Setting the sf_opt and sz_opt options ensures the model is set up with the correct parameters present.
The rain_layer
(pet_layer
) can contain the numeric id values of different rainfall (pet) series. If the value of rain_layer
(pet_layer
) is not NULL
the weights used to compute an averaged input value for each HRU are computed, otherwise an input table for the models generated with the value "missing" used in place of the series name.
## The vignettes contains more examples of the method calls.
## create temport directory for output
demo_dir <- tempfile("dygis")
dir.create(demo_dir)
## initialise processing
ctch <- dynatopGIS$new(file.path(demo_dir,"test"))
#> Creating new folder
#> Starting new project at /tmp/Rtmp1UiXow/dygis1e25478b6141/test
## add digital elevation and channel data
dem_file <- system.file("extdata", "SwindaleDTM40m.tif", package="dynatopGIS", mustWork = TRUE)

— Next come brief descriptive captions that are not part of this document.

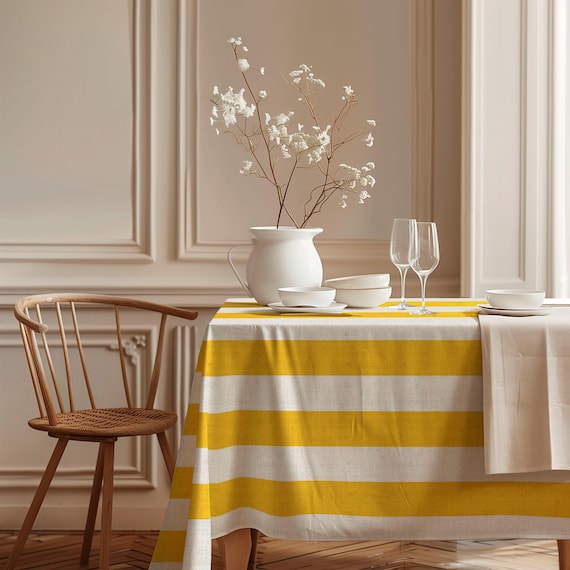 Wide Linen Tablecloth, Lemon Yellow Stripes, 100% linen fabric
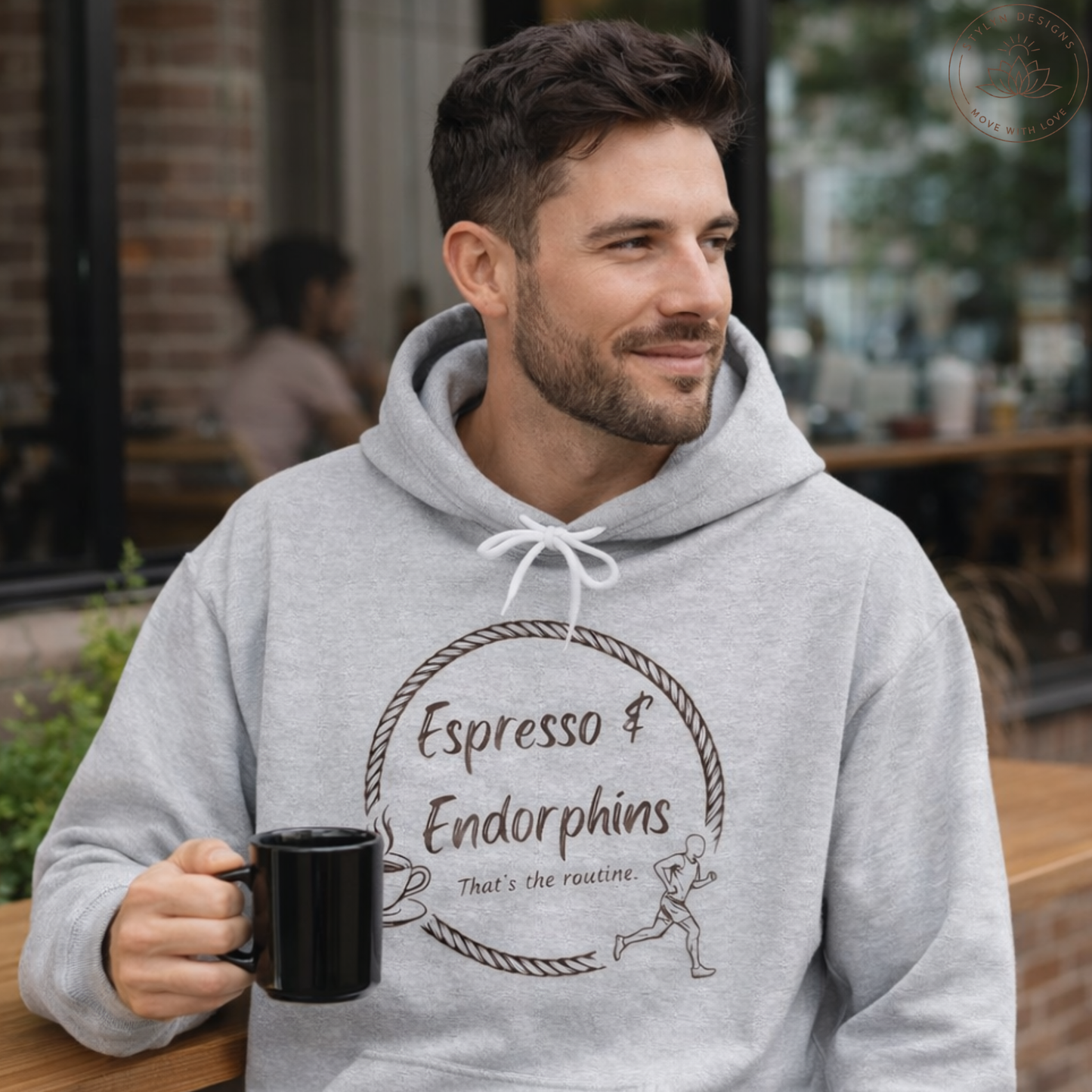 Espresso & Endorphins Hoodie, Coffee and Cardio, Runner Gift, Gym Workout Sweatshirt, Funny Coffee Lover Running Fitness, Marathon Training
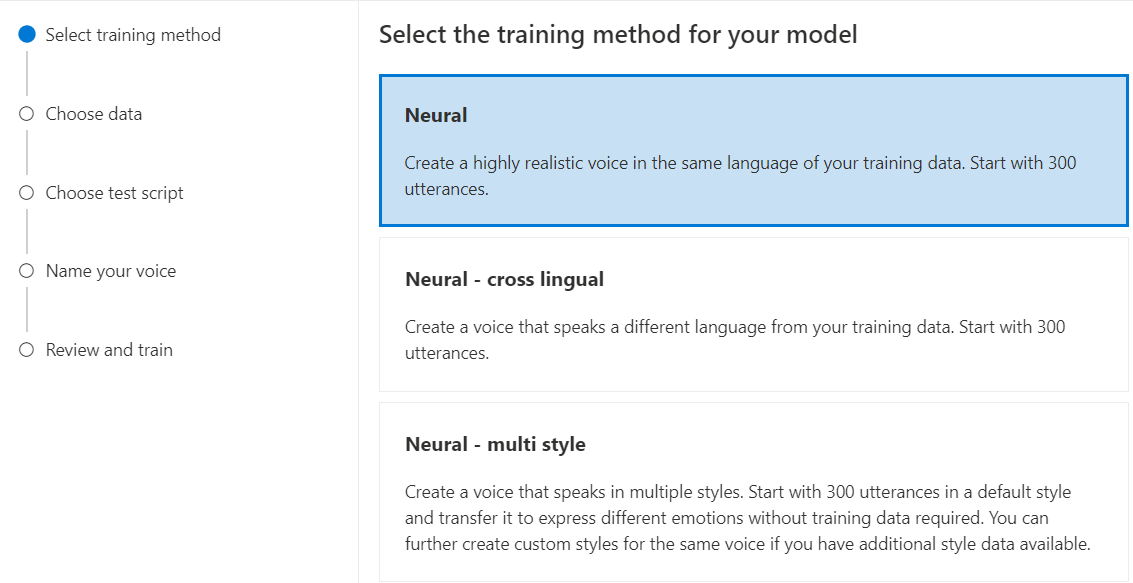 Screenshot zur Auswahl der neuronalen Trainingsmethode.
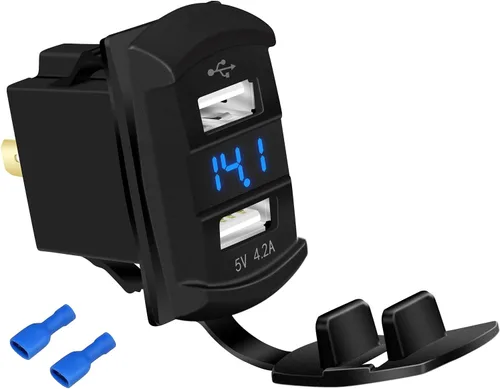 Vista 8 de DAIERTEK Interruptor basculante USB de 12 V, impermeable, USB C y QC 3.0, puertos duales, toma de cargador PD para automóvil, UTV, RZR, RV, camión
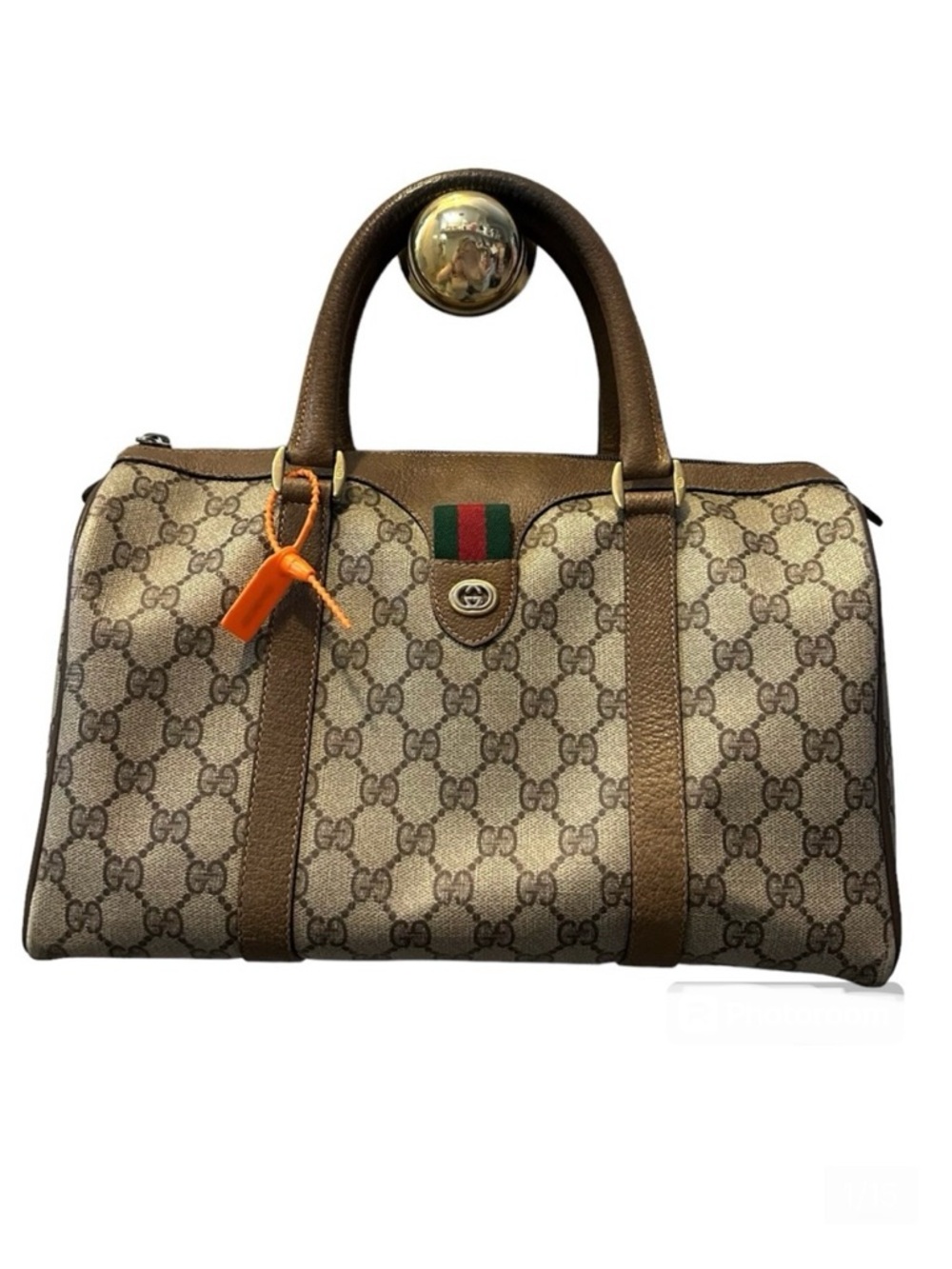Gucci Authentic Vintage GG Logo Canvas Sherry Line Boston Doctor Bag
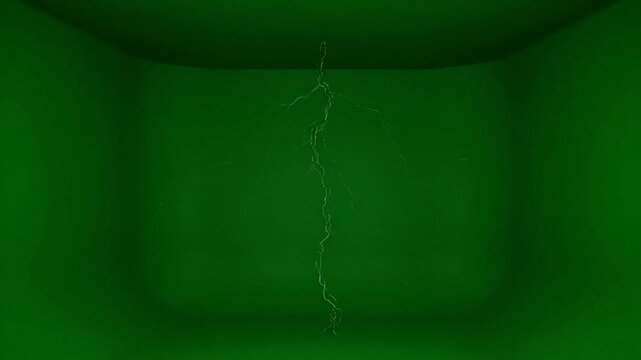 Dramatic blue lightning bolt strikes down with a thunder sound effect on an isolated green background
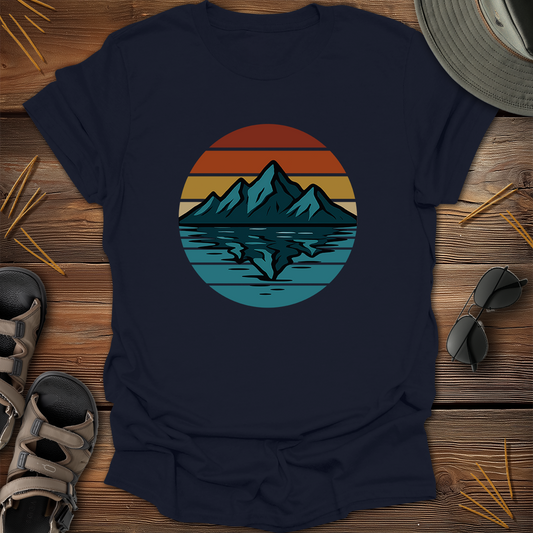 Retro Mountain Lake Reflection T-Shirt
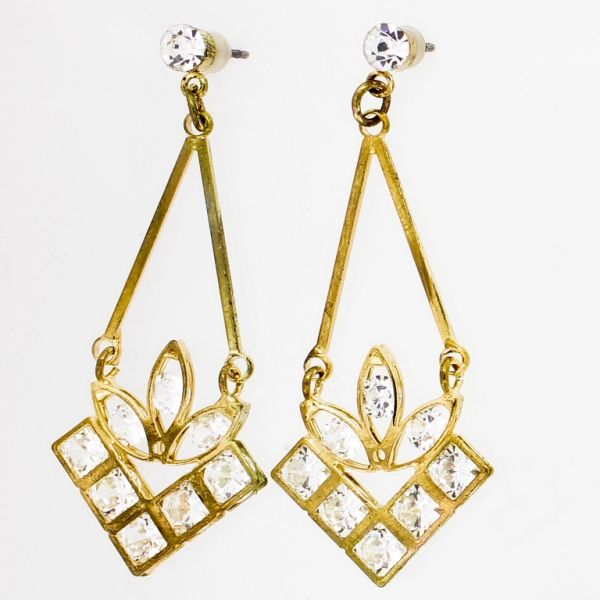 JEWELRY - EARRINGS - SCREW - ZIRCON - FLOWER Е850 - 2.0x5.0cm GOLD AND WHITE - 1 pair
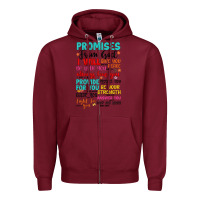Burgundy promises from god Zipper Hoodie - Artiststas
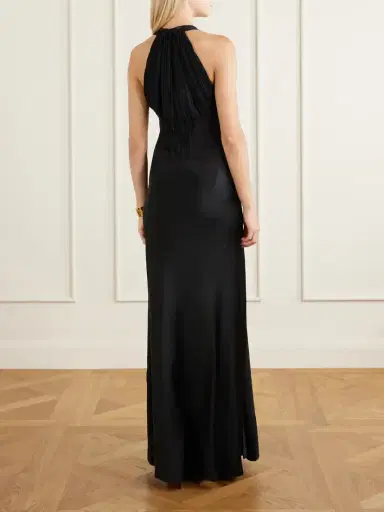 Victoria Beckham Paneled Satin Halterneck Gown | Thumbnail 3 Victoria Beckham Paneled Satin Halterneck Gown | Thumbnail 3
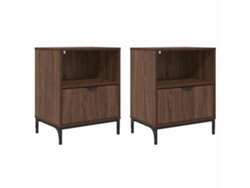 Maison Exclusive - 2 Pcs Marrón Roble 49 X 36 X 61 Cm Madera Contrachapada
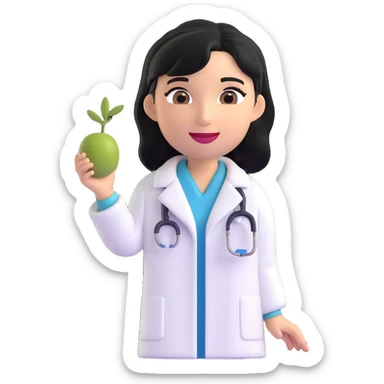 olive skin dentist with black hair, wearing a white coat, emoji style sticker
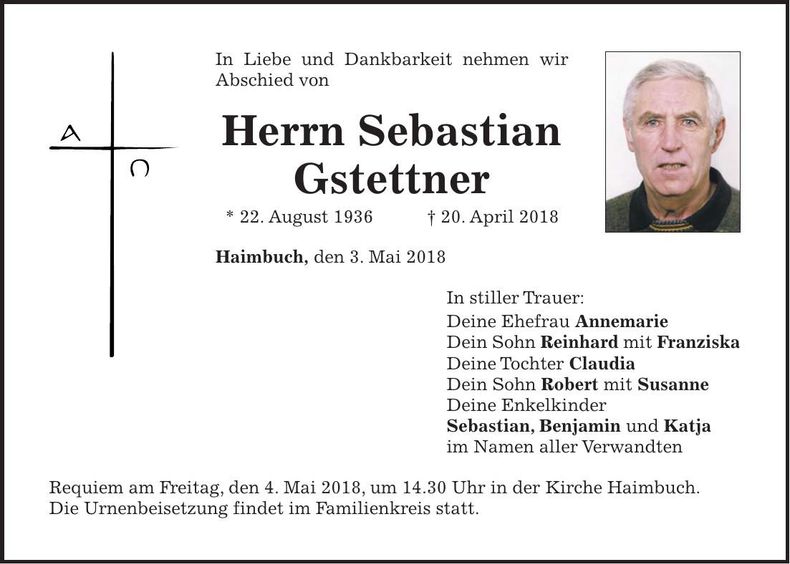 Traueranzeige Sebastian Gstettner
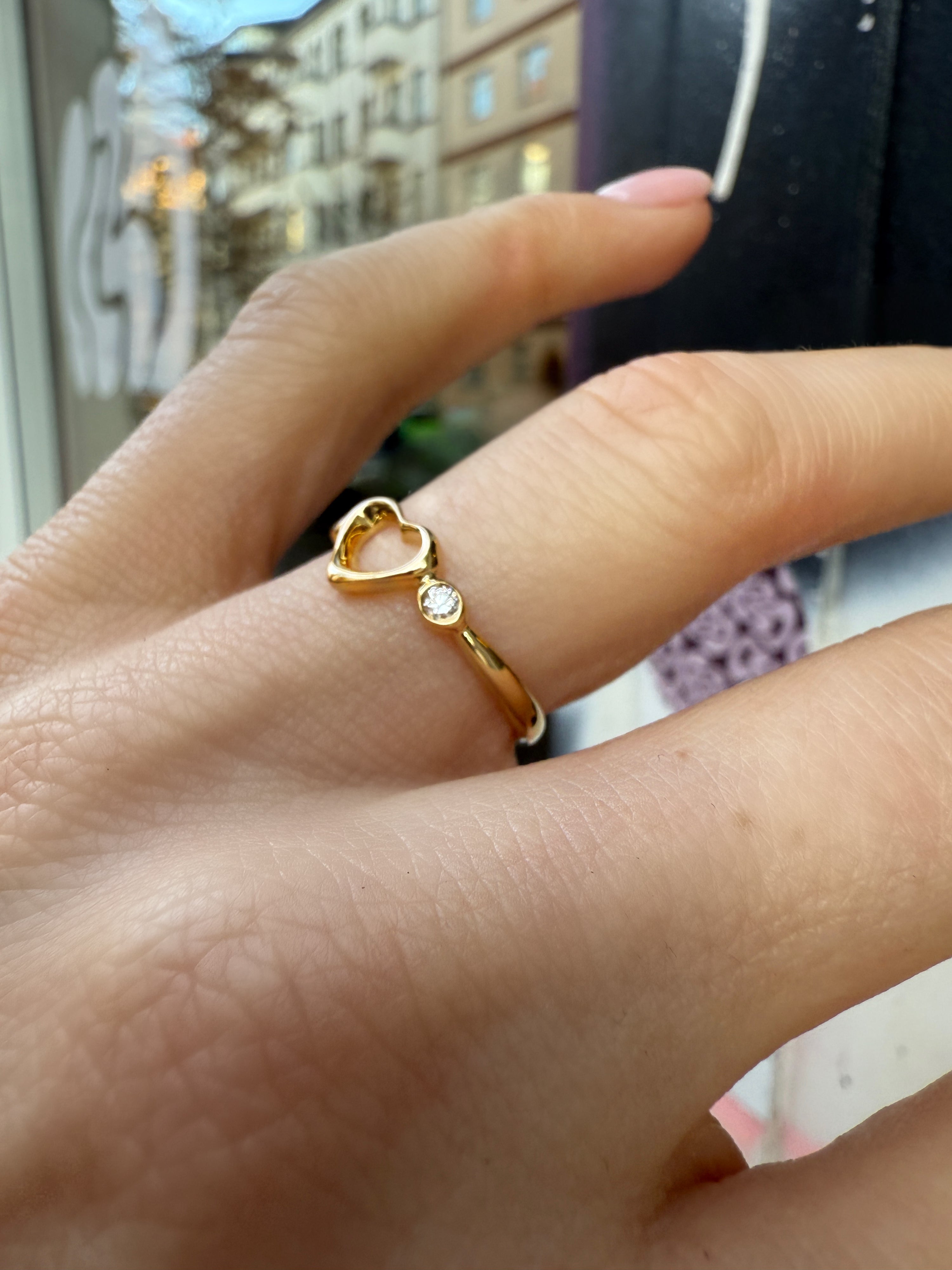 #377 18k Tiffany & Co Heart Diamantring - RG 49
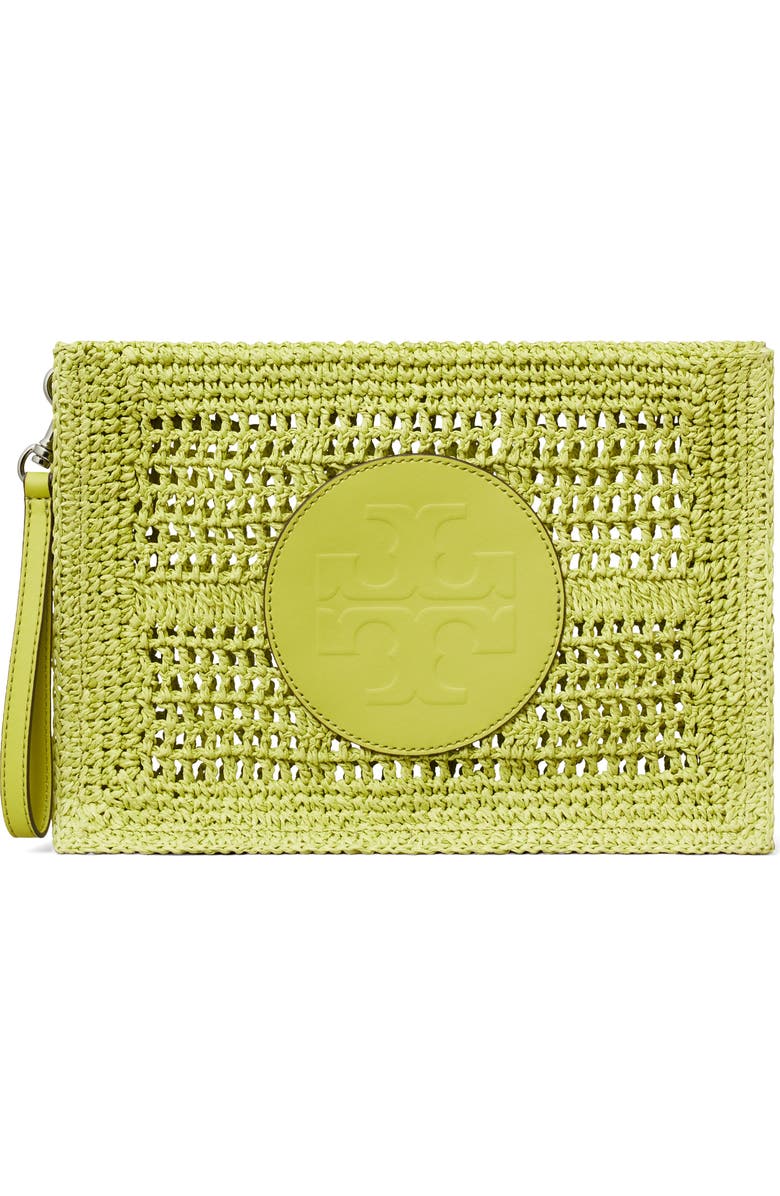 Tory Burch Ella Hand Crochet Wristlet, Main, color, Citrus Green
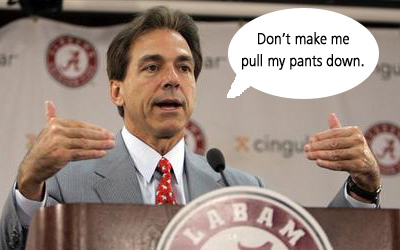 Image result for nick saban in his underwear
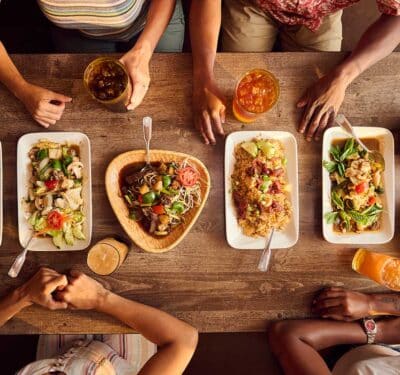 plates of food on table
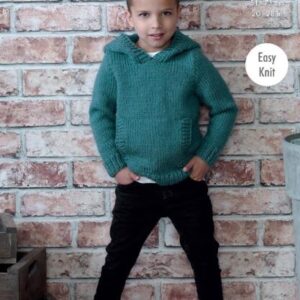 King Cole Chunky Easy Knit Knitting Pattern Hooded Sweater and Sweater 4971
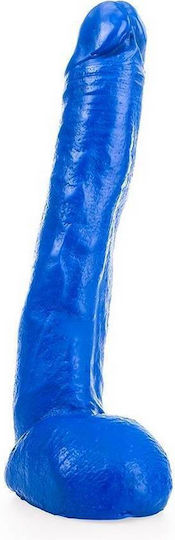 All Black All Blue Freddie Realistic Dildo with Scrotum Blue 26cm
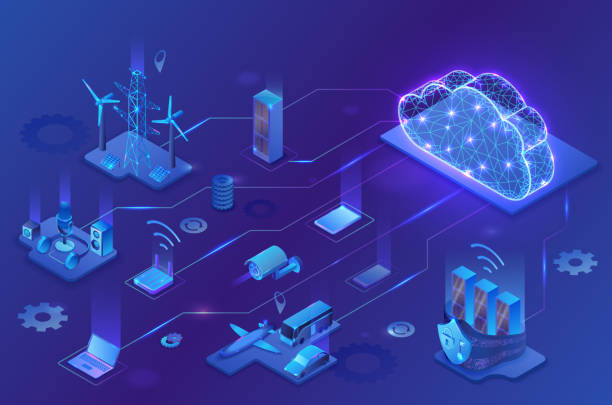 internet rzeczy infografika w chmurze, neonowa niebieska izometryczna ilustracja 3d z inteligentnymi ikonami technologii, sieć komputerowa, nocne świecące tło - isometric network server computer computer network stock illustrations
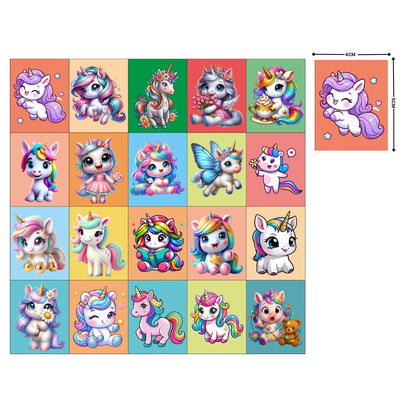 Cute Unicorn Fridge Magnets Set of 20 | Rectangular Character Magnets | Decorative Kitchen, Whiteboard, Locker Accessories | Strong Magnet for Kids & Home Dcor (4x5 cm)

dem <- terra::rast(dem_file)
ctch$add_dem(dem)
channel_file <- system.file("extdata", "SwindaleRiverNetwork.shp",
package="dynatopGIS", mustWork = TRUE)
sp_lines <- terra::vect(channel_file)
#> Warning: [vect] Z coordinates ignored
property_names <- c(name="identifier",endNode="endNode",startNode="startNode",length="length")
chn <- convert_channel(sp_lines,property_names)
#> Warning: Modifying to spatial polygons using default width
ctch$add_channel(chn)
## compute properties
ctch$sink_fill() ## fill sinks in the catchment
# \donttest{
ctch$compute_properties() # like topograpihc index and contour length
ctch$compute_flow_lengths()
#> Warning: NAs introduced by coercion to integer range
#> Warning: NAs introduced by coercion to integer range
# }
## classify and create a model
# \donttest{
ctch$classify("atb_20","atb",cuts=20) # classify using the topographic index
ctch$get_method("atb_20") ## see the details of the classification
#> $type
#> [1] "classification"
#>
#> $layer
#> [1] "atb"
#>
#> $cuts
#> [1] 8.6361 9.3714 10.1066 10.8418 11.5771 12.3123 13.0476 13.7828 14.5181
#> [10] 15.2533 15.9885 16.7238 17.4590 18.1943 18.9295 19.6647 20.4000 21.1352
#> [19] 21.8705 22.6057 23.3410
#>
ctch$combine_classes("atb_20_band",c("atb_20","band")) ## combine classes
ctch$create_model(file.path(demo_dir,"new_model"),"atb_20_band","band") ## create a model
list.files(demo_dir,pattern="new_model*") ## look at the output files for the model
#> [1] "new_model.rds" "new_model.tif"
# }
## tidy up
unlink(demo_dir)